___ SOURCE RECORDS

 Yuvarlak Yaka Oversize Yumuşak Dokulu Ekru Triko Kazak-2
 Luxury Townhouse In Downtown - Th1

______
___ SOURCE RECORDS

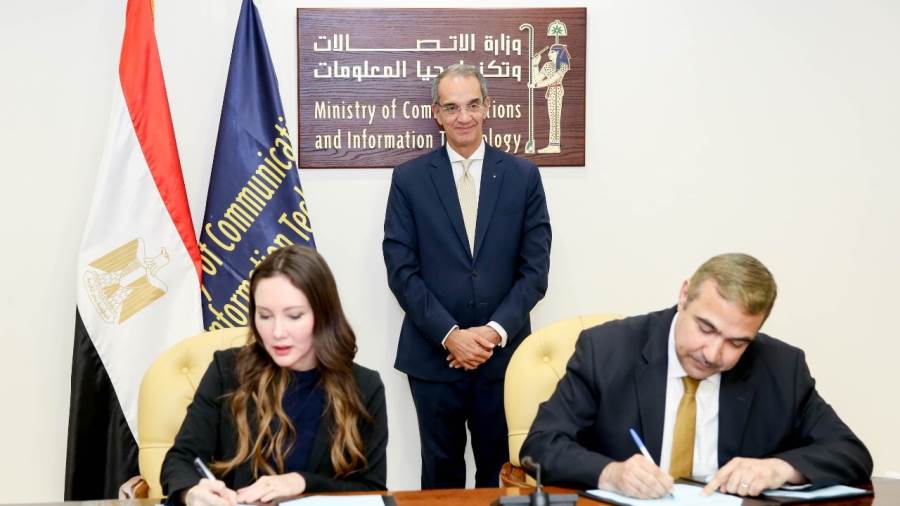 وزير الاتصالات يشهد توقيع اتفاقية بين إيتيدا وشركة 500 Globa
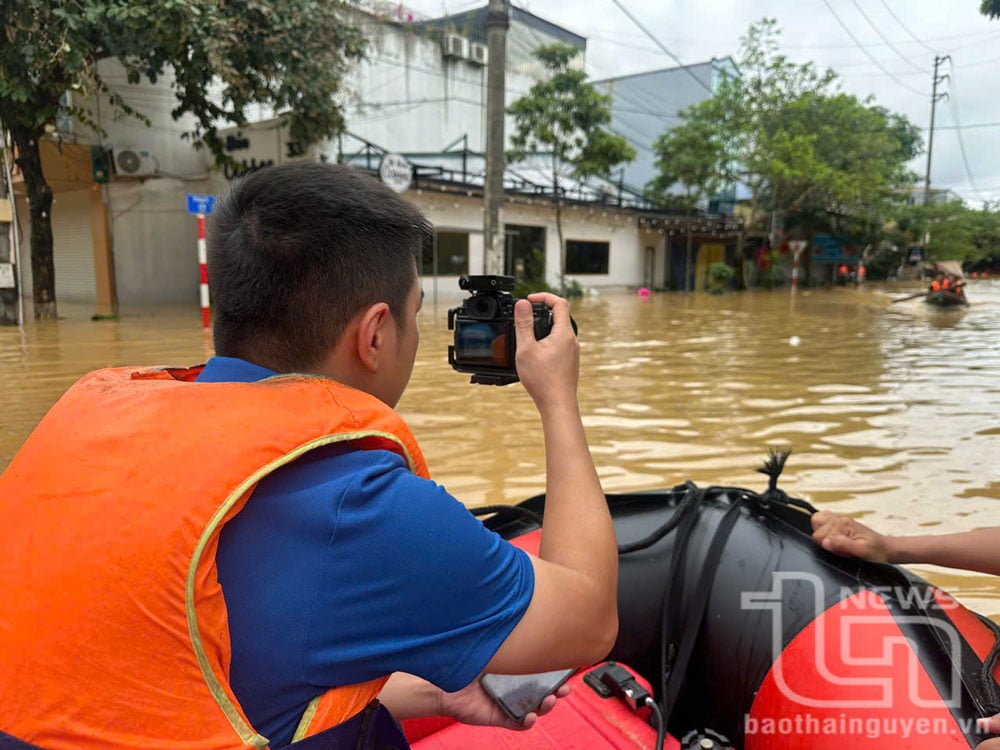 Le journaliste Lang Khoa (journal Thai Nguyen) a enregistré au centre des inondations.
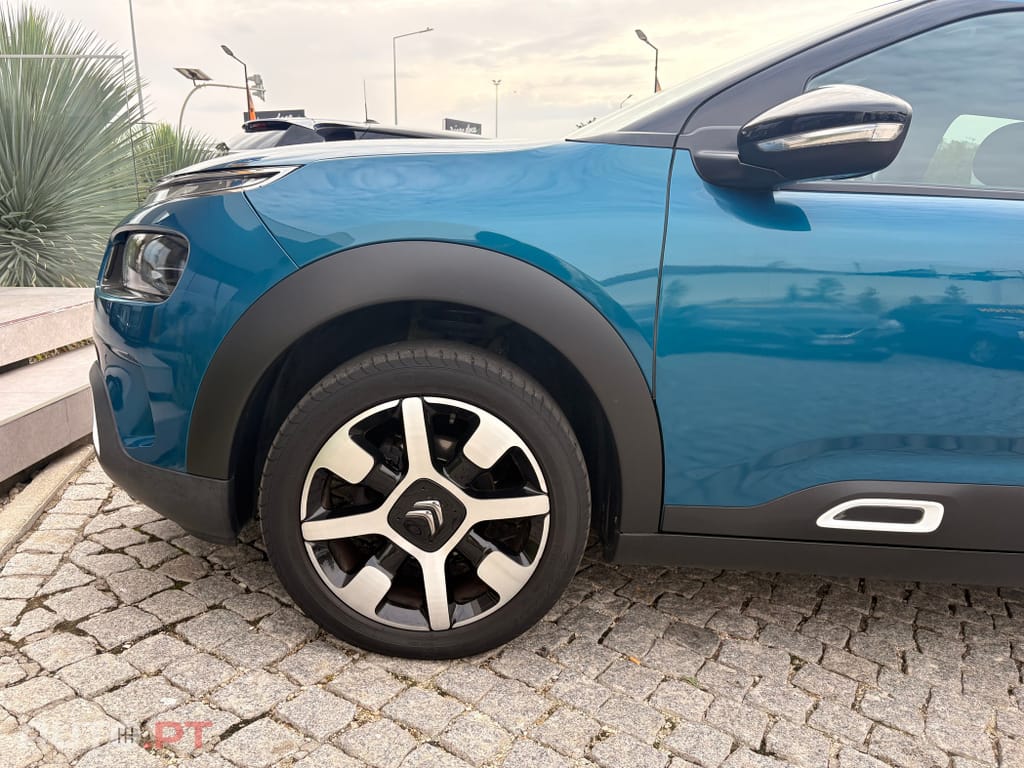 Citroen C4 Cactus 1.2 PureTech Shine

______

Using the records above, set down exactly the lines from the one with "Yuvarlak Yaka Oversize" through the one with "Luxury Townhouse In Downtown - Th1", inclusive, and nothing more.

TASK RESPONSE:
 Yuvarlak Yaka Oversize Yumuşak Dokulu Ekru Triko Kazak-2
 Luxury Townhouse In Downtown - Th1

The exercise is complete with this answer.